While Kismat Ali’s family moved to Assam from UP, Ashraf Ali’s family hails from Bihar.
The Tribunal was acting on a Supreme Court order which had earlier set aside the order of the Tribunal and the Guwahati High Court, which had declared both Kismat and Ashraf as foreigners and had ordered detention.
Like it happens in many such cases, according to local lawyers, the Tribunal had declared them foreigners ex-parte – meaning – without any representation.
On 12 August 2015, Kismat Ali was fast asleep in his small house in village Sonajuli 1, in Udalguri District of Assam when somebody knocked on his door at around 1 AM.
“I found there were 15 cops from the Border branch of the Assam Police when I opened the door,” he says. The cops ordered him to get dressed immediately.
“They did not even explain to me what crime I had committed that they had to come raid my house in the night,” Kismat says speaking on the phone to Catch from Sonajuli 1, where he has been reunited with his family after two years and two months in detention.
“That night they even did not allow the family members to come with me. I left them crying,” Kismat recounts.
Kismat was first taken to the Border Police Office in Udalguri. “The Border Police personnel told me that I am a D Voter who has been declared a foreigner. They wrote a statement and made me sign it,” he says.
“Then, they shifted me to Goalpara District Jail,” he adds.
“I was kept with rapists and murderers in the jail,” Kismat says. His dormitory housed 60 people according to him.
Now, a free man who does not have to prove his citizenship, Kismat’s ordeal started when the local verification officer submitted a report suspecting him to be a foreigner. Kismat confirms that he received notices but he did not take them seriously.
“The notices said I have been declared a D Voter and I should come prove my citizenship. But I spoke Hindi and I have seen my name on the voter's list. So I did not pay heed,” he says.
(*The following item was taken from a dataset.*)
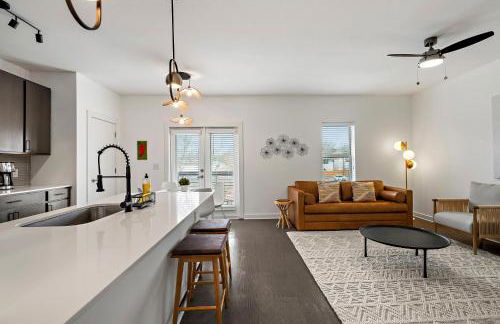 South Lamar Stay - Pickleball, Sauna & Cold Plunge - Photo 2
However, the late night raid made him realise the seriousness of the matter and how soon he has been declared a foreigner from a D Voter. The Tribunal, without hearing his side of the story had already declared him a foreigner in an ex-parte order.
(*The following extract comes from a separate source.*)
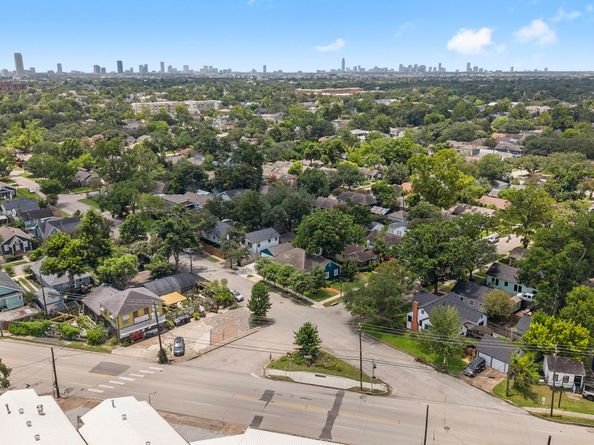 1102 Winston Street, Houston TX 77009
Interestingly, Kismat says how only five to six people in detention on charges of being a foreigner or D voters spoke Hindi while the rest spoke Bengali.
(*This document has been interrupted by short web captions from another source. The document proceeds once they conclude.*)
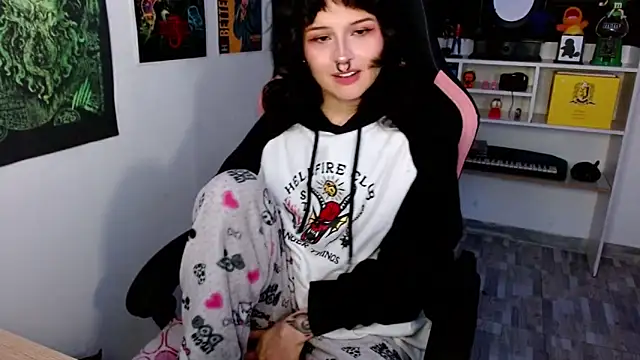 Snapshot of neena_nyx_ chatting on 06/18/26, 12:11 neena nyx online show from 06/18/26, 12:11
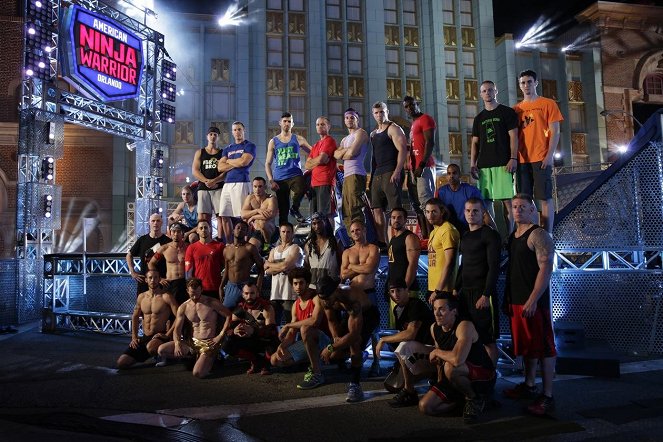 American Ninja Warrior - Van de set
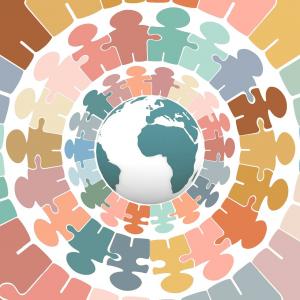 Dominar el arte de la integración global: Cómo pueden las universidades equilibrar la globalización y la identidad local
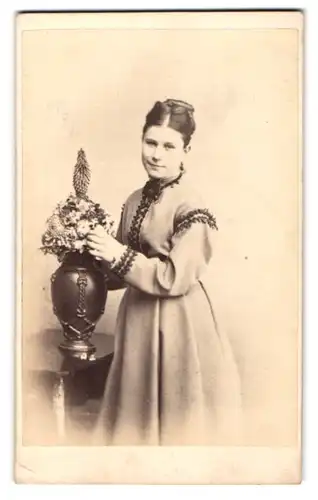 Fotografie Stuart, Glasgow, junge Schottin im hellen Kleid bestückt eine Blumenvase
The matter went up to the high court which refused to entertain the writ petition challenging the order. It took the Supreme Court to order a CBI investigation to find out the veracity of the claims made by both Ashraf and Kismat’s families.
The CBI in its report found Kismat’s assertions to be genuine. The family indeed came from Deoria in Uttar Pradesh. Kismat’s father Mukhtar, a truck driver was the one who migrated. The CBI found his driving license, issued in Deoria in 1956, to be genuine. The land revenue records too, showed that Mukhtar had sold property in Deoria. Moreover, the agency also managed to verify Kismat Ali’s documents from the local school in Darrang.
Like in Kismat’s case, Ashraf’s family too was traced back to his village in Siwan by the CBI. His father Hasnain Ali’s Bihar School Examination Board certificate was found to be genuine. Hasnain Ali, too, had sold off his land, records of which were found in the local land registry besides letters from the Village Sarpanch of Raj Shankarpur in Siwan district. The school leaving certificate from Sekhar Sankardev Mission School Dimakuchi, Udalguri, too, said Ashraf Ali was a student who left school on 31.12.1991.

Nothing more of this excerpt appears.